I have carefully reviewed your manuscript. Overall, I found this topic very interesting and relevant to the field of colon and/or colorectal cancer (CRC) research. The topic is important, especially because the mechanisms of multi-organ metastasis in this type of cancer are incompletely understood.

The objectives and the introduction of the thesis are written clearly, I have no comments on this part of the thesis. Good research hypotheses were set. And efforts were made to solve them gradually.

Material and Methods: A modern research model was used. The description of organoid culture, animals treatment and microsurgical implantation of tumor organoids into the caecum and the liver, bioluminescence imaging (BLI), immunohistochemistry (IHC), fluorescent multiplex IHC, whole genome sequencing and statistical analyses is correct. I have no comments on this description.

The Results are generally presented very clearly, and I have no major complaints, but I would recommend improving the quality of all the color images, as they are out-of-focus, especially the tissue results (Fig. 1B and C; all Fig. 2; Fig. 3B and C, Fig. 5).

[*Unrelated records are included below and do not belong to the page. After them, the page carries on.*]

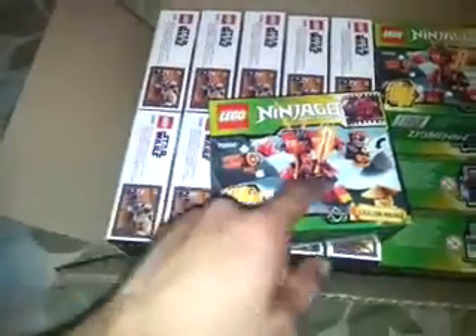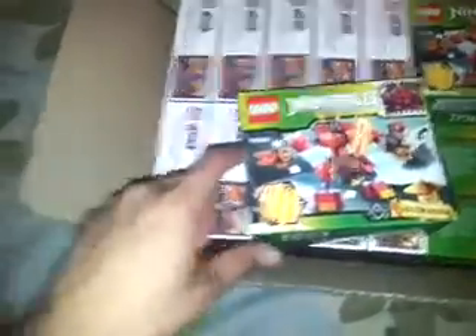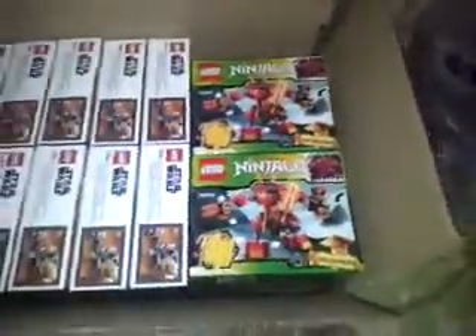I also picked up the Ninjago Kai's Fire Mech, or whatever it's called — 70500. Six of them, as you can see. Total of two pounds each instead of eight pounds, so a great little bargain.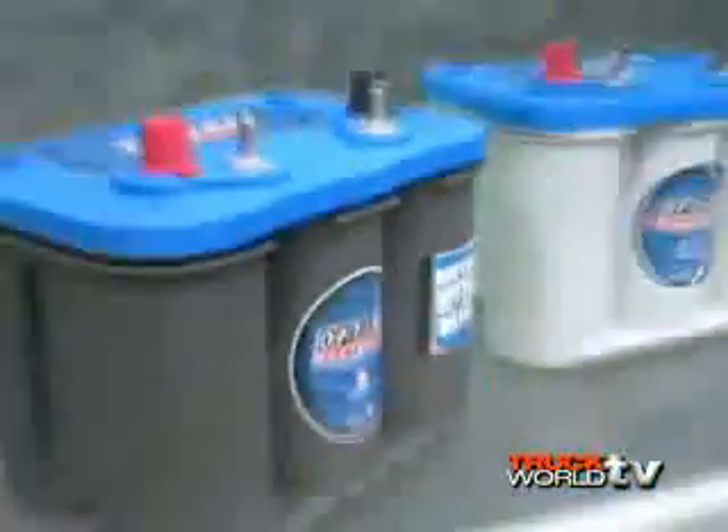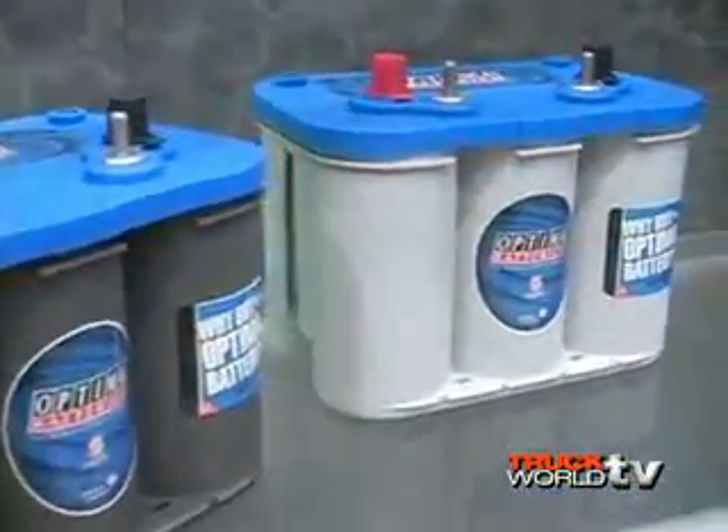Then we also have our final line, which is the blue top line. The blue top line is marketed specifically for the marine market and the RV market.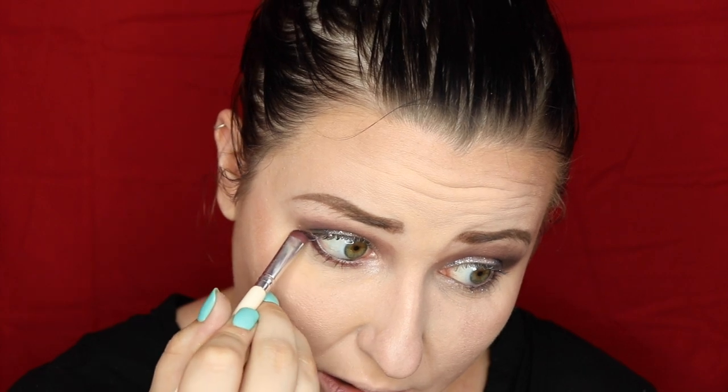On the lower lash line, taking that burgundy on a flat brush and sweeping it across just to tie it in. Then taking the blending brush with a bit of the lighter transition shade and blending the burgundy out. I want this to be pretty smoky to match all that gorgeous glitter we've got going — which is pretty stinking cute. Probably going to end up in my eyes later but it's cute.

So, the quality of all attached figures and charts needs improvement. Perhaps this is a technical issue and you just need to save these figures in another graphics program.

In addition, Figure 1D is missing, and it is cited in the text of the paper (line 240).

The descriptions under the figures are correct and legible.

The discussion, though brief, is sensible, and written in a factual manner. The conclusions of the paper are also appropriate to the interesting work results obtained.

In general, I would also like to ask whether the mechanisms shown apply only to colon cancer or also to rectal cancer? Possibly add some commentary in the discussion, if it matters. 

References: Please check all the literature to make sure that everything is in accordance with the requirements of the editors, in paper 28 the title of the publication should be completed. And in paper No. 20, there are too many words "advance on, ", please correct.

To sum up:

This original paper provides valuable insights into mechanisms of „onward spread” from liver metastases in case of the colon cancer. The results are interesting and may explain, among others, why anti-angiogenic therapy yields better results when treating metastatic CRC, but not when it is part of adjuvant chemotherapy after resection of the primary tumor.

The paper is important from clinical point of view and may carry practical importance. Congratulations for all authors!!!

The paper can be accepted after minor revision.

Author Response

Please see the attached Word file.

Author Response File: Author Response.pdf

Round 2

Reviewer 2 Report

The first revision identify critical flaws that there have been not rectified in the current version.